Bei diesem Ausgang des Verfahrens steht dem Beschuldigten keine Entschädigung zu (Art. 429 Abs. 1 StPO e contrario).
VI. Dispositiv
Die 1. Strafkammer erkennt:
I.
A.________ wird schuldig erklärt:
1.der Hehlerei, begangen vom 20. August 2020 bis 25. August 2020 in F.________, z.N. von C.________;
2.der fahrlässigen Beschäftigung von Ausländern ohne Bewilligung, begangen vom 11. September 2021 bis am 22. Oktober 2021 in H.________;
3.der Widerhandlung gegen das Arbeitslosenversicherungsgesetz, begangen am 24. Januar 2022 in H.________, durch Verletzung der Auskunftspflicht
und in Anwendung der Artikel
34, 42, 44, 47, 49 Abs. 1, 106, 160 Ziff. 1 StGB
11, 91 Abs. 1, 117 Abs. 3 AIG
88 Abs. 1 Bst. b, 106 al. 1 AVIG
426 Abs. 1, 428 Abs. 1 und 3 StPO
verurteilt:
1. Zu einer Geldstrafe von 32 Tagessätzen zu CHF 90.00, ausmachend total CHF2'880.00.
Der Vollzug der Geldstrafe wird aufgeschoben und die Probezeit auf 4 Jahre festgesetzt.
2. Zu einer Verbindungsbusse von CHF 720.00.
Die Ersatzfreiheitsstrafe bei schuldhafter Nichtbezahlung wird auf 8 Tage festgesetzt.
3. Zu einer Übertretungsbusse von CHF 500.00.
Die Ersatzfreiheitsstrafe bei schuldhafter Nichtbezahlung wird auf 5 Tage festgesetzt.

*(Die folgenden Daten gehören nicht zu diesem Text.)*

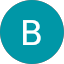 Biana B. Avatar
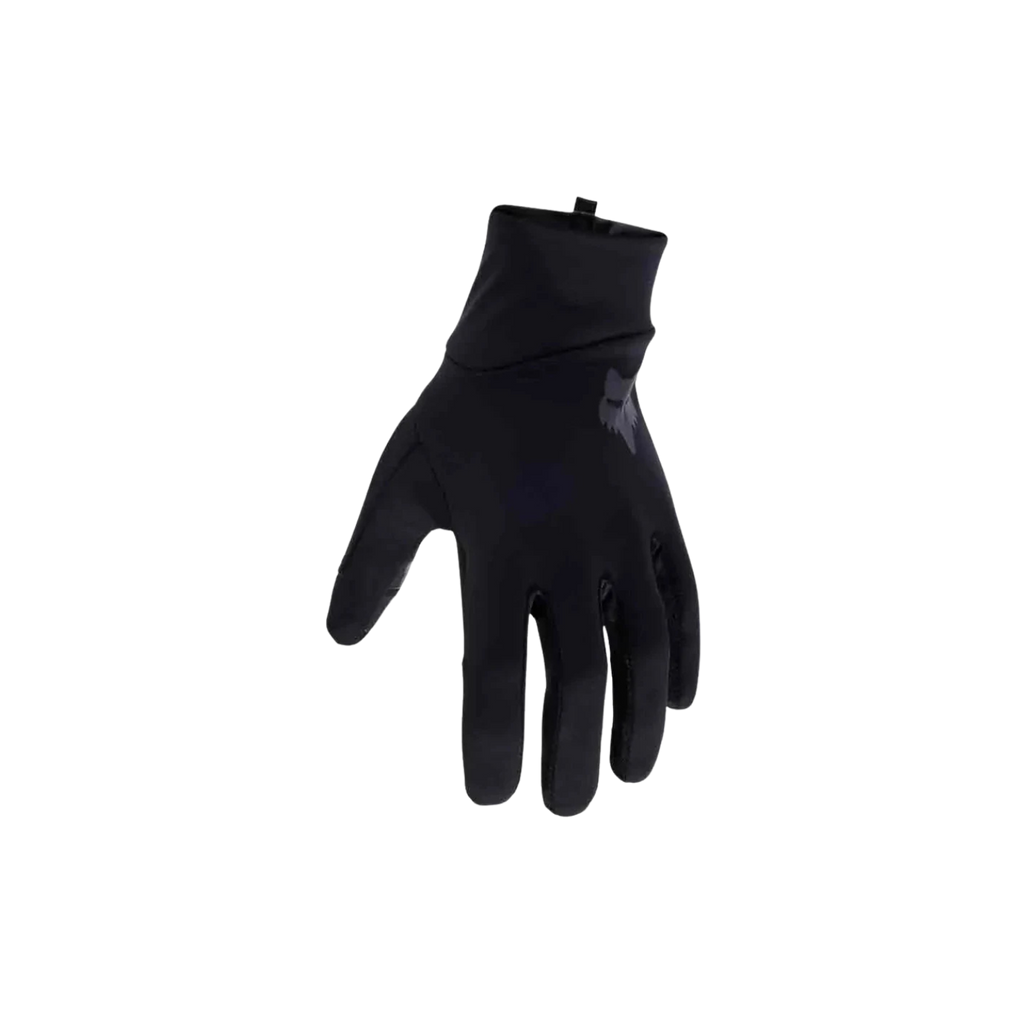 Fox Ranger Fire Glove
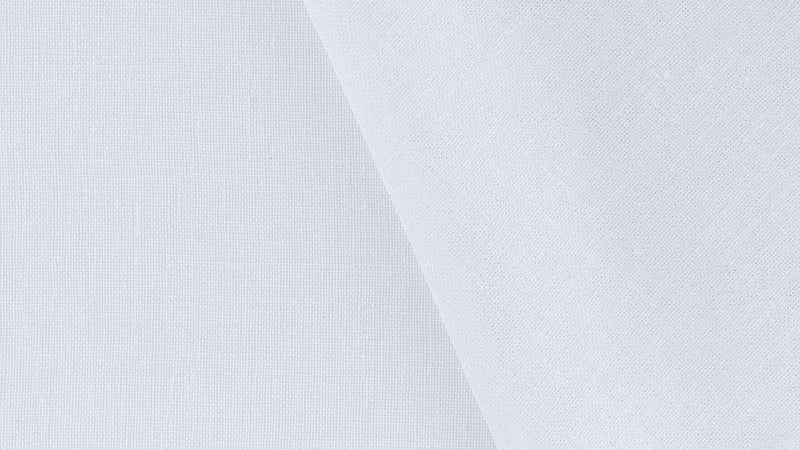 Bali by Nettex NZ-Curtain Fabric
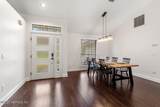 11936 Marabou Court - Photo 6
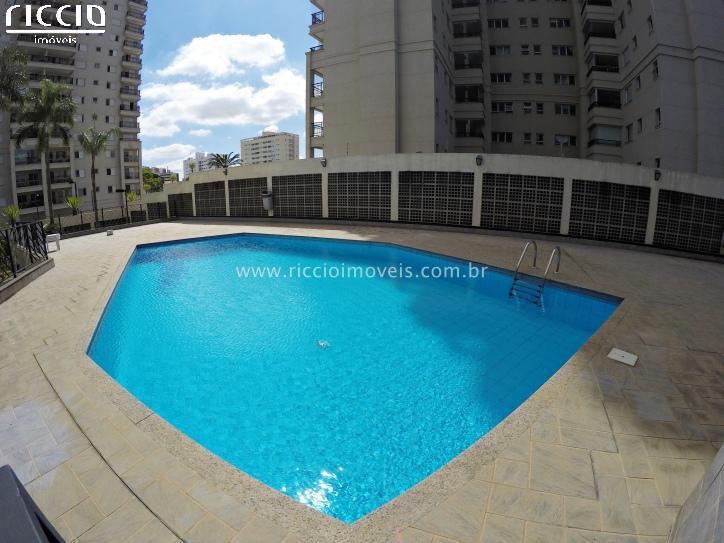 Edificio Cirandas — imagem 17 de 17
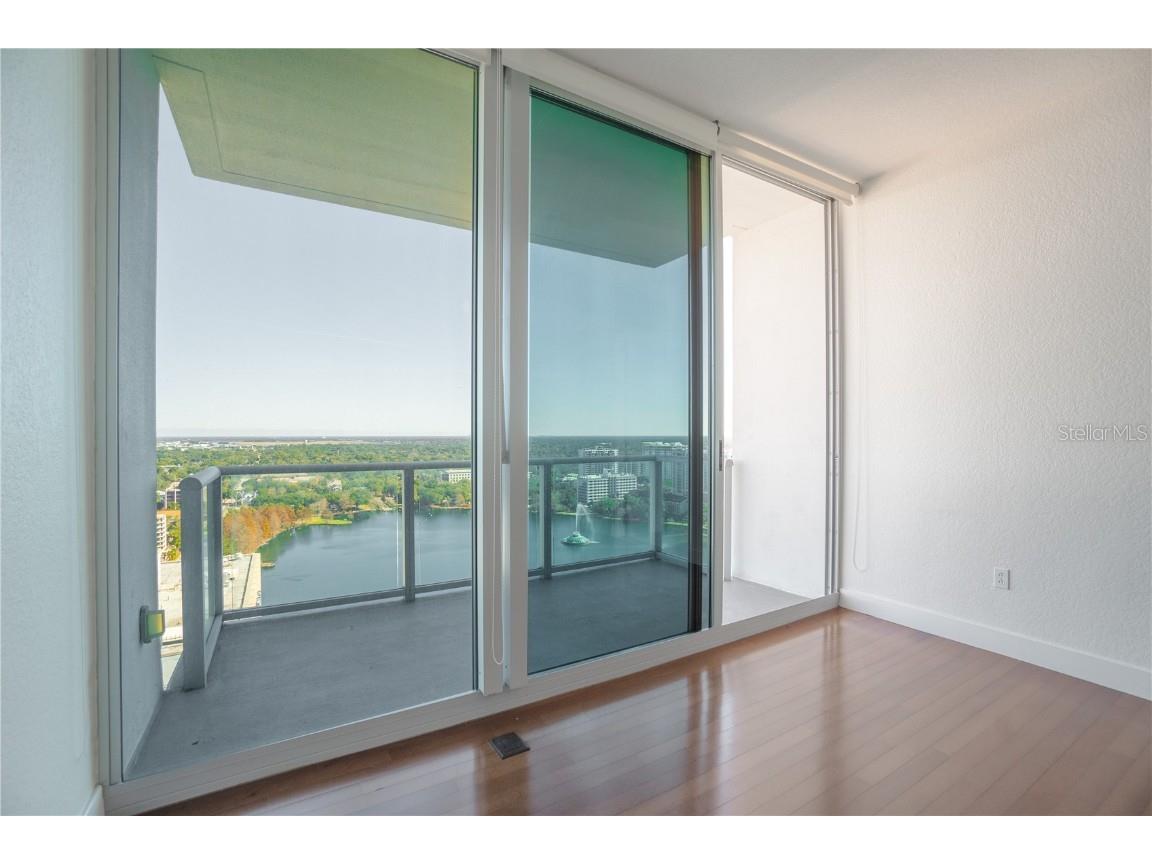 150 E Robinson Street #2203 Orlando FL 32801 - LAKE EOLA O6337872 image10
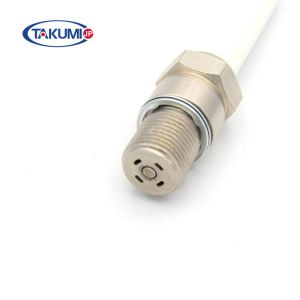 Engine Spark Plug P611 1236100 for 6 series 620 616 624 gas engine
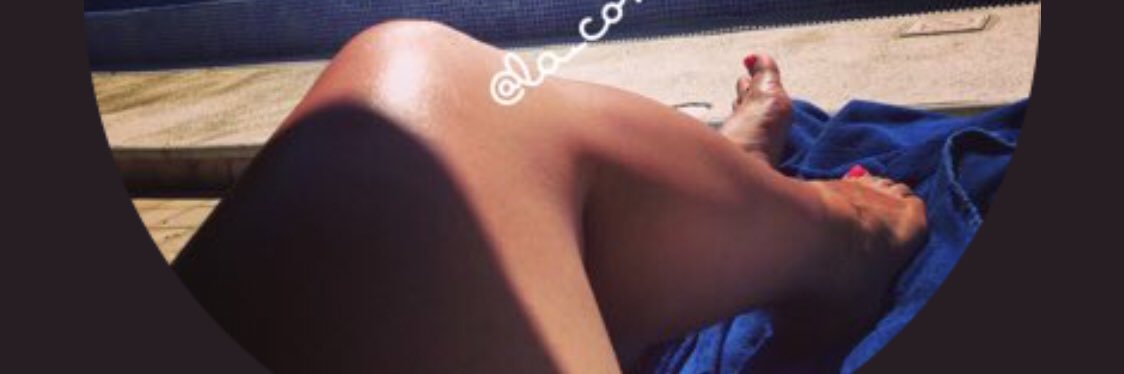 la_comadre's profile banner image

4. Zur Bezahlung der erstinstanzlichen Verfahrenskoten von total CHF 3'250.00.
5. Zur Bezahlung der oberinstanzlichen Verfahrenskosten von total CHF 3'000.00.
II.
1. Das Widerrufsverfahren gegen A.________ betreffend den mit Urteil der Staatsanwaltschaft Graubünden vom 5. Juni 2018 (VV.2017.3314) für eine Geldstrafe von 20 Tagessätzen zu CHF 40.00 gewährten bedingten Vollzug wird eingestellt (Art. 46 Abs. 5 StGB).
2. Für das erst- und oberinstanzliche Widerrufsverfahren werden keine Kosten erhoben.
III.
Zu eröffnen:
dem Beschuldigten/Berufungsführer, v.d. Rechtsanwalt B.________
dem Strafkläger
der Generalstaatsanwaltschaft
Mitzuteilen:
der Vorinstanz
der Koordinationsstelle Strafregister (KOST; Urteil mit Begründung; nach unbenutztem Ablauf der Rechtsmittelrist bzw. nach Entscheid der Rechtsmittelbehörde)
dem Amt für Bevölkerungsdienste des Kantons Graubünden (Urteil mit Begründung)
dem Staatssekretariat für Migration (Urteil mit Begründung)
der Staatsanwaltschaft Graubünden (nach Ablauf der Rechtsmittelfrist bzw. nach Entscheid der Rechtsmittelbehörde)
Bern, 19. August 2025 (Ausfertigung: 17. März 2026)
Im Namen der 1. Strafkammer Die Präsidentin i.V.: Obergerichtssuppleantin Salzmann i.V. Oberrichterin Gutmann
Die Gerichtsschreiberin: Walthard
Rechtsmittelbelehrung
Gegen diesen Entscheid kann innert 30 Tagen seit Zustellung der schriftlichen Begründung beim Bundesgericht, Av. du Tribunal fédéral 29, 1000 Lausanne 14, Beschwerde in Strafsachen gemäss Art. 39 ff., 78 ff. und 90 ff. des Bundesgerichtsgesetzes (BGG; SR 173.110) geführt werden. Die Beschwerde muss den Anforderungen von Art. 42 BGG entsprechen.